A small side project (from this already-side-project!) to look at the lowest recorded temperatures in the area. 
I am looking at installing a high-efficiency heat pump that only works when temperatures are above -13F (-25C). 
When temperatures are lower than that, the heat pump stops working and the house would have no heat at the worst possible time. 
So the obvious question is: How often does it get below (or near) that temperature?

I suspect this information is available online somewhere, but I've got all this tooling right here, so what the heck.

In [None]:
import download_historical_data as dl
import os 
import matplotlib.pyplot as plt
import pandas as pd

plt.style.use("default")  # alternative "ggplot"

HISTORICAL_DATA_DIR = os.path.abspath("./historical_data")
WEATHER_DATA_DIR = os.path.join(HISTORICAL_DATA_DIR, "weather_station_data")
ANALYSIS_DATA_DIR = os.path.abspath("./analysis_data/")
LOW_TEMP_DATA_DIR = os.path.join(ANALYSIS_DATA_DIR, "low_temps")

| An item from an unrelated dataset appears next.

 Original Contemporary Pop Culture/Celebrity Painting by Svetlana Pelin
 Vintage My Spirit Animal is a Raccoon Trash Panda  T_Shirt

for dir in [HISTORICAL_DATA_DIR, WEATHER_DATA_DIR, LOW_TEMP_DATA_DIR, ANALYSIS_DATA_DIR]:
    if not os.path.exists(dir):
        os.makedirs(dir)


## Denver-area stations only
WEATHER_STATION_IDS = [
    "USC00053005",  # Ft Collins
    "USC00050848",  # Boulder
    "USC00055984",  # Northglenn
    "USC00058995",  # Wheat Ridge
    "USC00054762",  # Lakewood
    "USW00023062"   # Stapleton
]

In [None]:
# Uncomment to force re-download of source data
# Data files are saved locally so you only need to re-download to get new/different data
#dl.download_ghcnd_historical_data(WEATHER_DATA_DIR, WEATHER_STATION_IDS)

In [None]:
temp_df = dl.read_weather_data(WEATHER_DATA_DIR, WEATHER_STATION_IDS, earliest_date=None)
temp_df.head()

In [None]:
for c in temp_df.columns:
    if c.endswith("_tmax"):
        temp_df.drop(c, axis="columns", inplace=True)

renames = {
    "USC00053005_tmin": "FtCollins",
    "USC00050848_tmin": "Boulder",
    "USC00055984_tmin": "Northglenn",
    "USC00058995_tmin": "WheatRidge",
    "USC00054762_tmin": "Lakewood",
    "USW00023062_tmin": "Stapleton"
}
temp_df.rename(columns=renames, inplace=True)
temp_df.head()

In [None]:
stacked = temp_df.stack()
# stacked.columns.set_names(names="min_temp", inplace=True)
stacked.index.set_names(names="station", level=1, inplace=True)
stacked = pd.DataFrame(stacked)
stacked.rename(columns={0:"celsius"}, inplace=True)
stacked["fahrenheit"] = (stacked["celsius"] * 1.8) + 32
stacked.head()

In [None]:
## Let's get rid of data before 2005
stacked = stacked.loc(axis=0)['2005-01-01':]
stacked.head(10)

In [None]:
# Sort by date, latest->earliest
stacked.sort_index(axis=0, level=0, ascending=False, inplace=True)
stacked.head(10)

In [None]:
sorted = stacked.sort_values(by="celsius", ascending=False, kind="stable")
sorted.head()

In [None]:
# How many days get down to our cutoff temp of -25C?
very_low_days = sorted.where(sorted["celsius"] <= -25).dropna()
grouped = very_low_days.groupby(by="date", axis=0, level=0)
len(grouped)

In [None]:
very_low_days.head(25)

In [None]:
## How many days get _close_ to our cutoff?
# TODO: This is actually counting station-days, not just days
low_days = sorted[sorted["celsius"] < -20]
grouped_low = low_days.groupby(by="date", axis=0, level=0)
len(grouped_low)

In [None]:
low_days.head(20)

In [None]:
low_days.hist()

OK, so there are some cold days. How cold does it get here? ie, what temperature would a heat pump have to support in order to be reliable in the face of previous low temperatures?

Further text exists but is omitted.